Renato Aragon (*)
“Fazer do limão uma limonada” e “aproveitar as oportunidades geradas pelos problemas” são expressões sempre usadas quando as empresas se deparam com situações difíceis e com poucas possibilidades de reversão. Pois é exatamente neste tipo de posição que o ecossistema fintech pode estar em breve, caso o Banco Central coloque em prática a proposta apresentada na consulta pública referente à harmonização da tarifa de intercâmbio (TIC) das operações de cartões pré-pagos e de débito.
A ideia disposta para avaliação dos interessados é limitar em, no máximo, 0,5% a TIC para transações, tanto feitas com cartões de débito quanto com pré-pagos. Considerando que atualmente essas tarifas variam entre 1,1% e 1,5%, o limite proposto na consulta significará uma redução próxima a 50% numa das principais fontes de receitas das fintechs.
Para assustar ainda mais o ecossistema fintech, essa mudança, caso ocorra, pode chegar justamente num dos piores momentos, já que tanto a conjuntura econômica interna quanto a externa têm reduzido a oferta de investimentos nestas startups.
Sendo assim, ao não conseguirem captar recursos e perderem este volume de receitas, essas empresas emergentes, que reconhecidamente têm sido um dos fatores de maior relevância para alavancar as inovações do setor, teriam que obrigatoriamente colocar o pé no freio e reduzir o ritmo da inovação.

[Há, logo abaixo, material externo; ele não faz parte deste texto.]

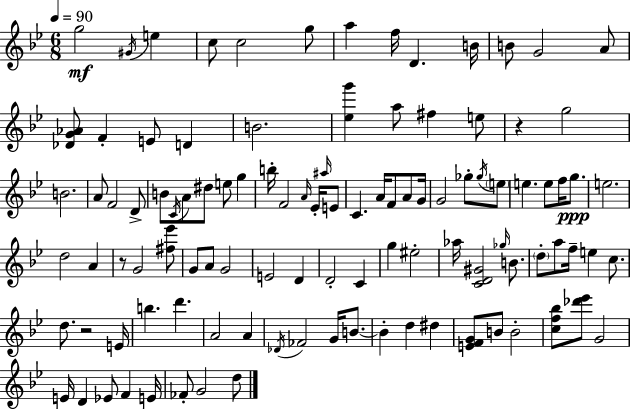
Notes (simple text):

G5/h G#4/s E5/q C5/e C5/h G5/e A5/q F5/s D4/q. B4/s B4/e G4/h A4/e [Db4,G4,Ab4]/e F4/q E4/e D4/q B4/h. [Eb5,G6]/q A5/e F#5/q E5/e R/q G5/h B4/h. A4/e F4/h D4/e B4/e C4/s A4/e D#5/e E5/e G5/q B5/s F4/h A4/s Eb4/s A#5/s E4/e C4/q. A4/s F4/e A4/e G4/s G4/h Gb5/e Gb5/s E5/e E5/q. E5/e F5/s G5/e. E5/h. D5/h A4/q R/e G4/h [F#5,Eb6]/e G4/e A4/e G4/h E4/h D4/q D4/h C4/q G5/q EIS5/h Ab5/s [C4,D4,G#4]/h Gb5/s B4/e. D5/e A5/e F5/s E5/q C5/e. D5/e. R/h E4/s B5/q. D6/q. A4/h A4/q Db4/s FES4/h G4/s B4/e. B4/q D5/q D#5/q [E4,F4,G4]/e B4/e B4/h [C5,F5,Bb5]/e [Db6,Eb6]/e G4/h E4/s D4/q Eb4/e F4/q E4/s FES4/e G4/h D5/e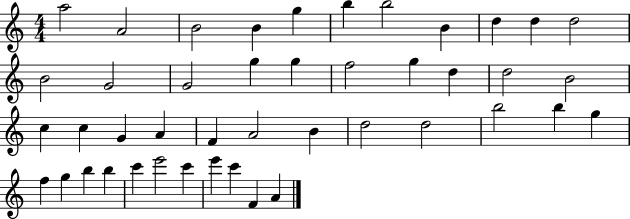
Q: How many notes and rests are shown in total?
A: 44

A alternativa para evitar este desfecho é uma velha receita conhecida do empreendedor brasileiro: a criatividade aliada à capacidade de adaptação a novos cenários.
Não por acaso, nos últimos meses já é possível notar uma forte movimentação de mudança de foco nos modelos de negócios das startups financeiras.
Desde que surgiram como um dos mais importantes fenômenos dos últimos anos na indústria financeira nacional, elas têm estruturado sua formação de receitas principalmente no setor de pagamentos, justamente buscando a monetização através de tarifas como a TIC.
Mas antes mesmo da ameaça trazida pela consulta pública, muitos projetos já começaram a buscar alternativas. Afinal, a disseminação do Pix e seus derivados (Pix Cobrança, Pix Saque, Pix Troco, Pix Parcelado e outras modalidades que serão lançadas e patrocinadas pelo BC) já começou a dificultar a formação de renda através de pagamentos.
A primeira opção visualizada parece estar sendo uma migração para o mercado de crédito que oferece oportunidades quer seja na inclusão de desbancarizados, quer seja na simplificação de processos ou no uso intensivo de tecnologia para evolução de análises, entre outros aspectos.
Seja qual for a motivação, a cartilha das estratégias eficientes orienta que qualquer fintech com planos de se lançar no mercado nos próximos meses – ou que já esteja operando –, mas queira desenvolver um projeto financeiramente sustentável para os próximos cinco anos, tenha como definição o fato de que o intercâmbio é apenas uma das fontes de receita.
Afinal, fazer do limão uma limonada e aproveitar as oportunidades geradas pelos problemas são expressões que normalmente sempre são atreladas a uma outra que é: “Nunca coloque os ovos na mesma cesta”.